Work Product and AI Applications

As to the issue of work product going through a third-party AI system, that is not the same as sharing mental impressions with opposing counsel. The court found that ChatGPT, Claude and Gemini's collection of data for training purposes does not on its own eliminate privacy expectations or waive protections, noting that "even though AI use technically 'discloses' information to a third party," it is highly unlikely that information would ever fall into the hands of an opposing party. Morgan, at *11.

Judge Braswell explained that nearly all electronic interaction passes through third-party systems. Just because a party uses Gmail does not mean they forfeit all rights to confidentiality and privacy. Id.

Judge Braswell explained that virtually all data passes through a third-party system, from smartphones to search engines. Case law has held that email subscribers have a reasonable expectation of privacy of their emails stored by internet service providers. United States v. Warshak, 631 F.3d 266, 268 (6th Cir. 2010). Furthermore, the US Supreme Court has held that a person's reasonable expectation of privacy in data is not automatically extinguished by the data being held by a third-party intermediary. Carpenter v. United States, 585 U.S. 296, 310-16 (2018).

Based on the above, the court explained that there is an arguably stronger privacy argument in the context of modern AI because the applications are designed to engage with the end user. The features include simulating empathy and endearing trust that feels genuine. Morgan, at *12-13.

Considering the case precedents and features of AI, the court stated, "AI interactions do not automatically compromise work product protections."

All of that analysis went to the main issue of the case: does a pro se litigant get the protections of the work product doctrine for AI? Yes. However, while a pro se litigant is entitled to the work product doctrine applying to their use of an AI application, that does not give them the right to cloak the product they are using. The court held that the defendant's request to know what AI product was used was reasonable. Morgan, at *16.

Protective Orders for Use of AI on Confidential Information

The court resolved the issue of confidential information being uploaded to an AI application by amending the protective order to state the following:

No party or authorized recipient may input, upload, or submit CONFIDENTIAL Information into any modern artificial intelligence platform, including any generative, analytical, or large language model-based tool ("AI"), unless the AI provider is contractually prohibited from:

(1) storing or using inputs to train or improve its model; and (2) disclosing inputs to any third party except where such disclosure is essential to facilitating delivery of the service. Where disclosure to a third party is essential to service delivery, any such third party shall be bound by obligations no less protective than those required by this Order. In addition, the AI provider must contractually afford the party or authorized recipient the ability to remove or delete all CONFIDENTIAL information upon request. A party intending to use AI that it contends meets these requirements must retain written documentation of these contractual protections.

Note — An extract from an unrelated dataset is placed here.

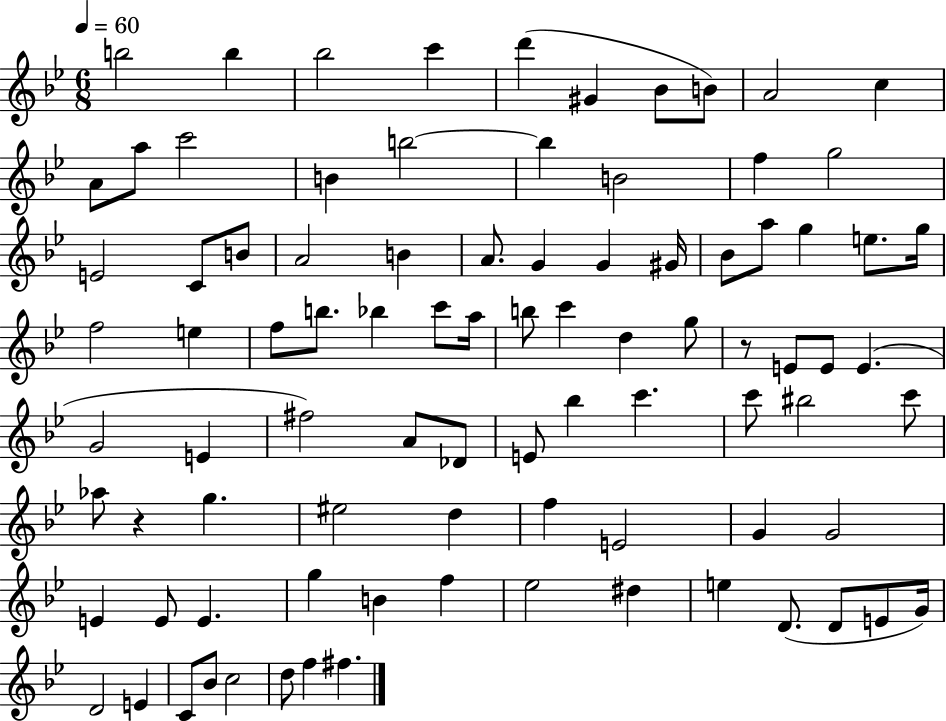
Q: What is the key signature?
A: BES major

Morgan, at *20-21 (D. Colo. Mar. 30, 2026).

The court's order was not meant to limit the use of AI by a pro se litigant. The issue was that confidential information would not be entrusted to platforms without safeguards as stated in the protective order. Morgan, at *22.

Logikcull Insight

The promise of AI applications to help level the playing field of a single lawyer vs a litigation team cannot be underestimated. The same holds true for a pro se litigant trying to have their day in court. However, the rules of professional conduct, ethical obligations, and protecting confidentiality must be maintained in any tool used by anyone in court.

In an age of constant stories about improper use of AI, it is hopeful to see a court recognize the potential of how AI can help an advocate analyze the facts of their case.